2.2. Electric Control and Functionality of the Electrolyte Gate

Electronic control over the gate potential during the optical measurements is realized by a source-measurement unit (Keysight Technologies). In order to minimize hysteresis effects, the top gate voltage is changed with a very slow scan rate of ≤3.3 mV/s${}^{-1}$ for PL and 2 mV/s${}^{-1}$ for SIE measurements, respectively. Leakage currents are monitored during the optical measurements to ensure stability of the gate. The gate voltage is swept at most between −13 V and 13 V. Even with this low scanning approach, well-known hysteresis effects due to low-mobile ions and (interfacially) trapped charges cannot be completely suppressed [40]. For this reason, the sweep direction and rate were kept constant in all measurements.
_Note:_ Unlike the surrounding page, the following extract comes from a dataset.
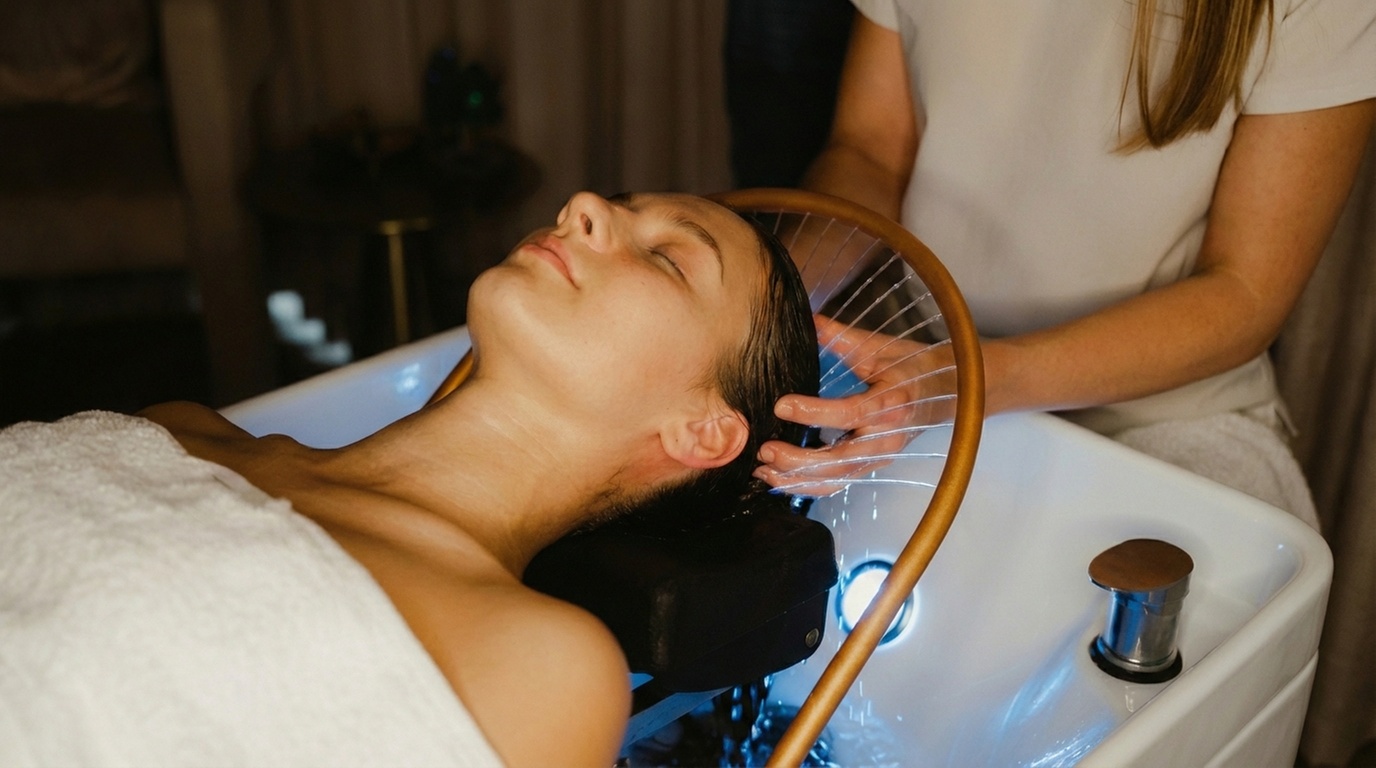 Head spa japonais avec Head Spa Forever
2.3. Spectroscopic Imaging Ellipsometry

Spectroscopic imaging ellipsometry (SIE) measurements are done with an imaging ellipsometer (accurion GmbH) using a supercontinuum white-light source with narrow tunable filters (both NKT Photonics GmbH) for illumination. The experiments are carried out at room temperature. In order to improve the stability of the field-effect structures during optical measurements, the samples are placed inside a home-built vacuum cell (vacuum $p<$ 10${}^{-3}$ mbar) with windows suitable for SIE experiments in reflectance geometry using 55${}^{\circ }$ as angle of incidence. The incident light is guided through a polarizer for linear polarization and then through a compensator to prepare elliptically polarized light. The reflected light is directed through an ultra-low NA objective ($NA\approx 0.{01}^{\circ }$) to maintain nearly parallel light and imaged by an array detector after passing an analyzer. In a suitable coordinate system, the complex reflectance matrix is described by $\rho =r_p/r_s=tan\mathsf{\Psi }·expi\mathsf{\Delta }$, where $\rho$ is the complex reflectance ratio, $r_p$ and $r_s$ are the amplitudes of the parallel (p) and orthogonal (s) components of the reflected light normalized to the amplitude of the incoming light, $\mathsf{\Psi }$ and $\mathsf{\Delta }$ are the ellipsometric angles. To describe the SIE spectra of the field-effect structures and to extract the dielectric functions of WS${}_2$ ML in dependence of the gate voltage, a comprehensive multilayer model consisting of substrate, interlayer, WS${}_2$ and electrolyte layer each described by a suitable combination of Cauchy and/or Lorentzian and/or Tauc-Lorentz terms is developed and fit to the experimental data via regression analysis [41,42]. This regression analysis enables us to extract the dielectric functions of the WS${}_2$ layers for different gate voltages. To improve the accuracy, several regions on and off the WS${}_2$ layers have been investigated. By this approach, SIE measurements provide access to the dielectric function even if the imaginary part is largely suppressed by nearly fully screened excitons as it is the case for high doping densities. In this scenario, measurements of the absorption spectra from differential reflectance and extracting the dielectric functions by a Kramers–Kronig analysis is no longer possible [43].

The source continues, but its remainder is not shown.